Kyrgyzstani feminist and gender studies scholarship, as well as activist network, have been quite prolific in publishing results of grant-based research, as part of the development agenda on gender in post-Soviet countries. There is literature on women in Kyrgyz economy, women and their political and social rights, bride kidnapping, Islam and gender in Kyrgyzstan. However, the vast majority of these studies paints a picture of a binary opposition between the presumably archaic or traditional gender discourses (usually related to Islam) and modernized Western-style emancipation of women from the 'universal' patriarchal system, with the in-betweenness of the Soviet period that was half-traditional and half-modern.
The paper proposes that Kyrgyzstani scholarship lacks critical reflection and analysis of this self-colonising practice, where Kyrgyz feminists and activists become a kind of 'native' informant or agent of Western feminist imperialism.
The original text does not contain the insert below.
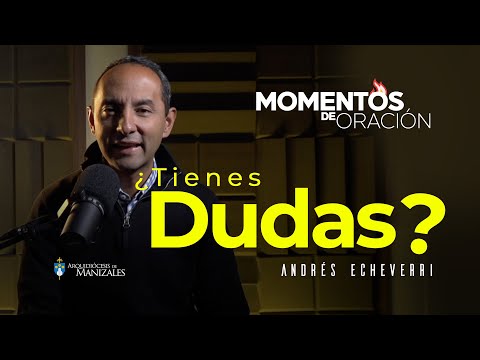 MOMENTO DE ORACIÓN  de hoy Domingo 6 de octubre Arquidiócesis de Manizales #dios #andresecheverri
Rarely do gender scholars in Central Asia question whether the main subject matter of gender studies research in Kyrgyzstan being bride kidnapping, in Kazakhstan - institute of toqals, in Uzbekistan - the self-immolation of women, and in Tajikistan/Turkmenistan - that of arranged marriages, is an example of Orientalist cliches about Central Asia, or in this case - of self-Orientalization by Central Asian feminist scholarship. Majority of gender studies in the region remains strictly developmental in logic with a straight vector teleology of progressive movement from 'backwards' tradition to Soviet half-tradition/half-modernity to idealised Western model of female emancipation.
This paper aims to provide a meta-analysis of "feminist" subjectivities in Kyrgyzstan based on the study of an interplay between the 'colonised' and 'coloniser' feminist subjectivities, and by engaging with feminist epistemologies both Western and decolonial.